Epistemic risks under Knightian uncertainty
Engaging with Lara Buchak’s wonderful review of my 2021 book, Epistemic Risk and the Demands of Rationality, has made me think again of William James and his two maxims—Believe truth! Shun error! James’ central insight was that they pull in opposite directions, the first pushing us to believe more, in the hope that we hit upon some truths among those beliefs, the second pushing us to believe less in the fear that we hit upon some falsehoods by doing otherwise. As a result, if we are to act in accordance with them, we must specify the weight we give to each.
In the book, as well as in this earlier paper, I noted that there are at least two ways we might try to make James’ idea precise—indeed, the earlier paper was called ‘Jamesian Epistemology Formalized’. On the first, the weights we give to the two maxims are reflected in the way we value beliefs.

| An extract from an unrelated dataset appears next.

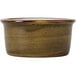 A brown Tuxton China ramekin with a brown surface.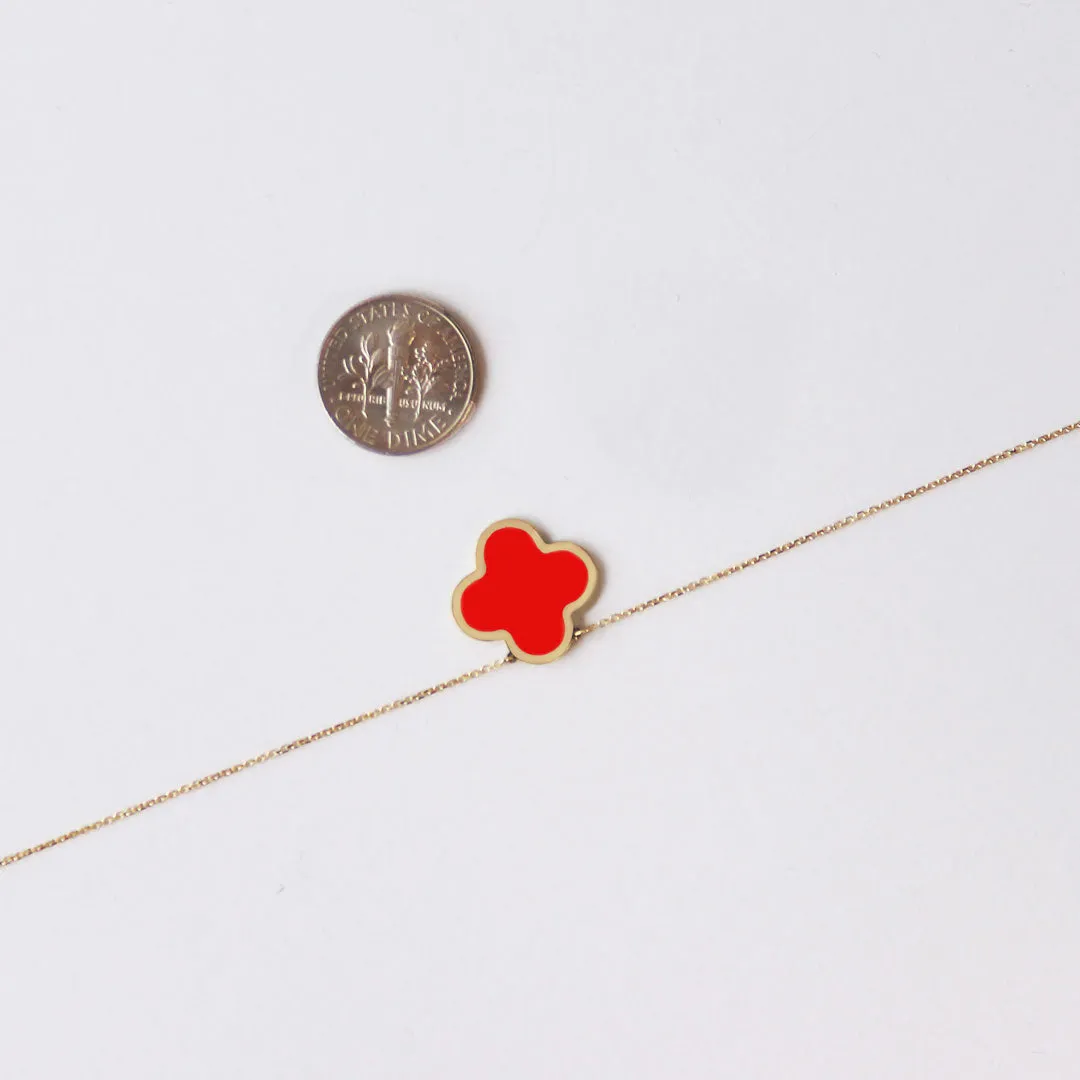 Extra Large Coral Single Clover Necklace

For instance, if I give greater weight to Shun error! and less to Believe truth!, that might be reflected in the fact that I give moderate positive epistemic utility to believing a truth, but very substantial negative epistemic utility to believing a falsehood. On the second way of making James precise, the weights are reflected not in our values, but in the decision rule into which we feed our values in order to make our epistemic decisions, such as what to believe and what credences to assign. In this post, I’ll be particular interested in our choice of prior credences, and so I’m interested in how we pick these—though I’ll talk of posteriors at the end. When we are picking posteriors, we have some probabilities that we might think should guide us—namely, our priors—and so it might be natural to use a decision rule that takes as input credences as well as utilities (and possibly some other attitudes too); for instance, we might use expected utility theory. But when we are picking our priors, there are no probabilities around that should guide us—as I noted in this previous post, I don’t think there are evidential probabilities, which some take to govern our decision in this case. So, we need a decision rule that does not take probabilities as an input—it takes values, represented as utilities (and possibly other sorts of attitudes).
In my earlier paper, I suggested the natural rule to use to formalise James’ thesis is the Hurwicz Criterion: this assigns a score to each available option by taking a weighted sum of its maximum utility—the highest utility it could obtain for us—and its minimum utility—the lowest utility it could possibly obtain for us; and then it exhorts us to pick one with maximal score. The weights, Hurwicz proposed, reflect the decision-maker’s optimism or pessimism. The more weight given to the maximum, the more optimistic; the more given to the minimum, the more pessimistic. But our ordinary notions of optimism and pessimism are epistemic ones: the optimist believes more strongly that the best outcome will come about; and the pessimist believes more strongly the worst happen. And we don’t want something epistemic, because we’re using this rule precisely to set our initial epistemic state. Instead, then, we might say that the weights reflect our attitudes to epistemic risk: the greater the weight we give to the maximum, the more risk-seeking we are; the greater the weight we give to the minimum, the more risk-averse. And, we might naturally take these to be the weights we give to James’ two maxims as well. Those who give greater weight to Believe truth! are those who give greater weight to the best-case outcome, and when you have a belief, that’s the outcome at any state at which it’s true, and when you assign credences, it’s the outcome at any state at which the credence is highest—they are the epistemic risk-seekers. On the other hand, those who give greater weight to Shun error! are those who give greater weight to the worst-case outcome, and when you have a belief, that’s the outcome at any state at which it’s false, and when you assign credences, it’s the outcome at any state at which the credence is lowest—they are the epistemic risk-avoiders.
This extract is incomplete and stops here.